Report: With New Norms, Chinese Communists Seek ‘Total Religious Control’

Children prepare to take part in a mass on the eve of Christmas at the South Cathedral off
AP Photo/Ng Han Guan

Fears are mounting among Chinese Christians over newly revised religious affairs regulations, as President Xi Jinping continues to tighten his grip on religious bodies.

China’s State Administration for Religious Affairs (SARA) has published a new set of regulations overhauling religious practice in the officially communist country. Despite China’s claims of “religious freedom,” the U.S. State Department as well as numerous watchdog groups consider China to be guilty of systemic religious oppression, which appears to be getting worse, not better.

Church officials reportedly fear that the new norms released by the communist government will be used to “further suppress religious activities” rather than pursuing their stated aim of protecting national security.

As Breitbart News informed earlier this month, one report on China’s new regulations claimed that the norms are consciously intended to “annihilate underground communities” and “suffocate official communities,” rather than merely organize them.

According to Anthony Lam, executive secretary of the Holy Spirit Study Center in Hong Kong, the provisions show that authorities are pursuing a goal of total religious control, and reflect the differing governing style of President Xi Jinping in comparison with his predecessor, President Hu Jintao.

In a report by UCA News, Lam underscored the tighter restrictions on “unauthorized religious” venues in the new regulations as an excuse for government crackdowns on religious activities, adding that both open and underground communities of the Catholic Church in China will be affected when the norms come into effect on Feb 1, 2018.

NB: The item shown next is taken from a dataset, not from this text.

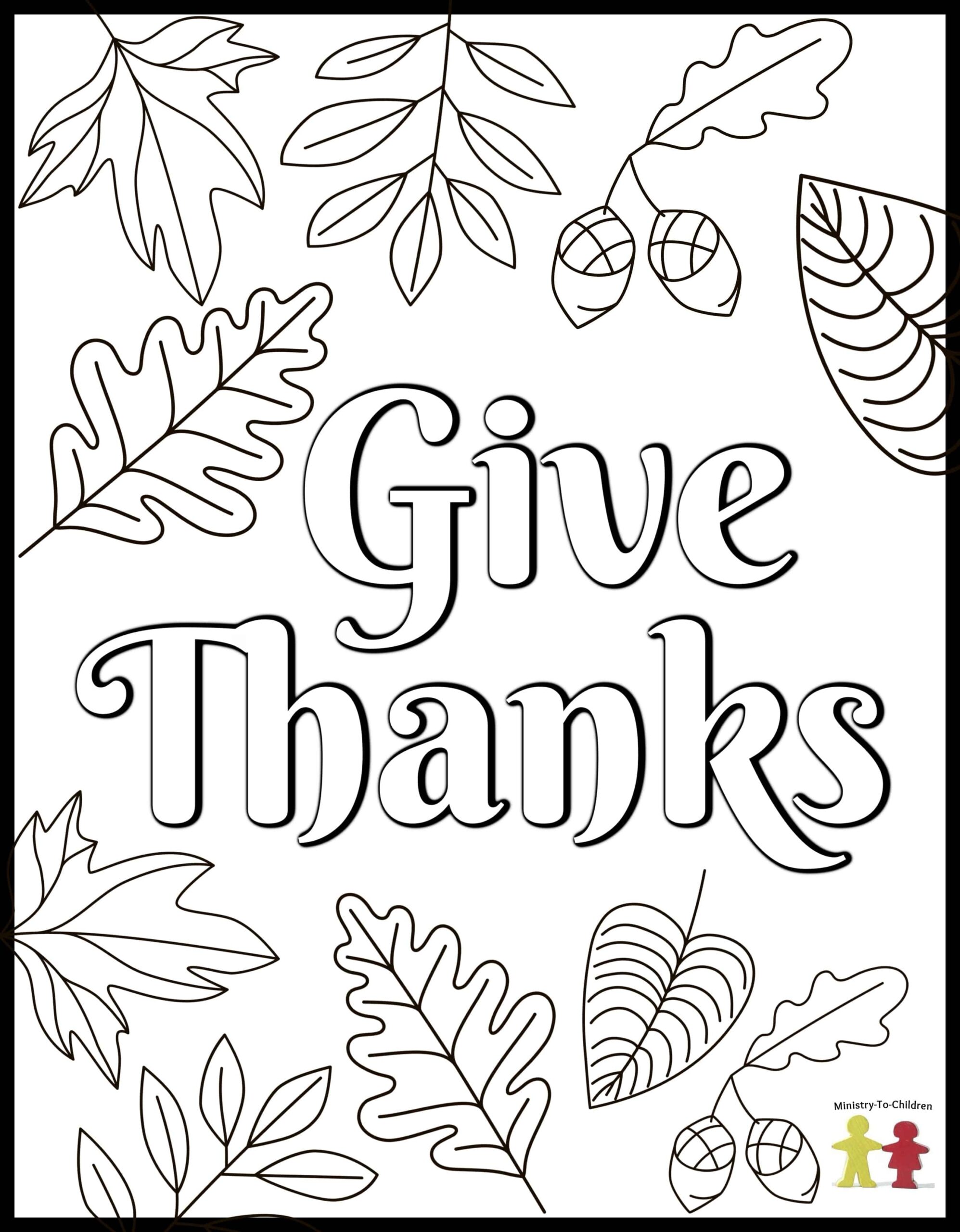 Free Thanksgiving Color Pages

Lam also suggested that the loosely written regulations will allow authorities to subject the open communities—whose leaders register with the government—to cash extortion demands over definitions of what may constitute “unauthorized” religious venues.

Ying Fuk-Tsang, director of the Divinity School of Chung Chi College in the Chinese University of Hong Kong, said that the new emphasis on “the rule of law” was aimed at tightening control over religious affairs. The Chinese government has claimed that the emphasis was designed to protect religious freedoms of China’s citizens, something Ying said is impossible.

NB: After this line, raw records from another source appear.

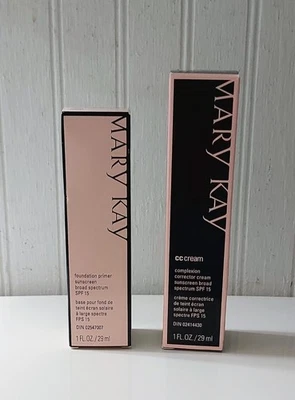 Mary Kay Foundation Primer & CC Cream SPF 15 Bundle - EXP. 2027- FREE SHIPPING - Image 1 of 4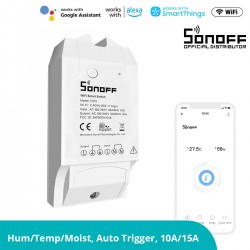 SONOFF TH10-R2 - Wi-Fi Smart Switch Temperature & Humidity Monitoring 10A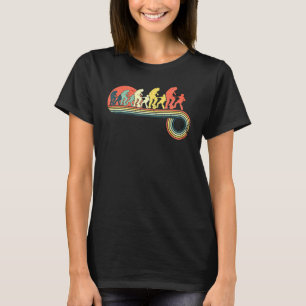 Father Playing Soccer With Son Love Retro Vintage T-Shirt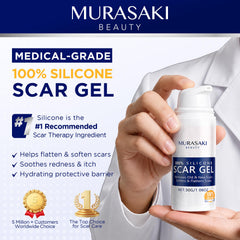 MURASAKI BEAUTY textura de gel cristalino demostrando absorción rápida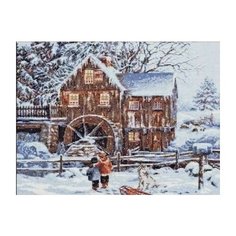 Набор Мельница в снегу 40х31 Палитра 07.013 40х31 Палитра 07.013)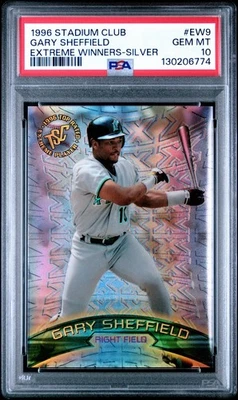 1996 Topps Stadium Club Gary Sheffield Extreme Winners Silver SP PSA 10 - Image 1 of 2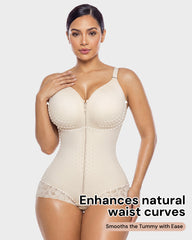 Zip-Up Overbust Sculpting Shapewear Bodysuit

According to the new regulations, religious entities must not only comply with the state constitution, laws, and regulations, but also practice “core values of socialism.”

Ying said he feared the stricter rules seek to undermine the essence of faith.

An underground priest of the Wenzhou Diocese, identified only as “Father Joseph,” expressed concerns about organizing large-scale religious events for fear of harsh penalties if they were deemed unauthorized.

If a religious group holds an activity without permission, authorities could impose a minimum fine of more than $15,000, according to the new rules, and revenue from gatherings and property could also be confiscated.

Another priest, “Father John,” said that in substance the new regulations didn’t differ too much from the old, but that a controlling “rope” had been tightened.

This tougher approach was “not good news” for the underground church, which refuses to join the Catholic Patriotic Association, he said.

According to Article 5 of the regulations, all religions must adhere to the principles of national independence and self-governance, and religious groups, schools and venues may not be “controlled” by foreign forces, a code word often used to indicate faithfulness to the Vatican.

“This article is still an insurmountable obstacle for the unity of the China Church,” Father John said.

“I don’t know whether the Vatican can see this clearly,” he added.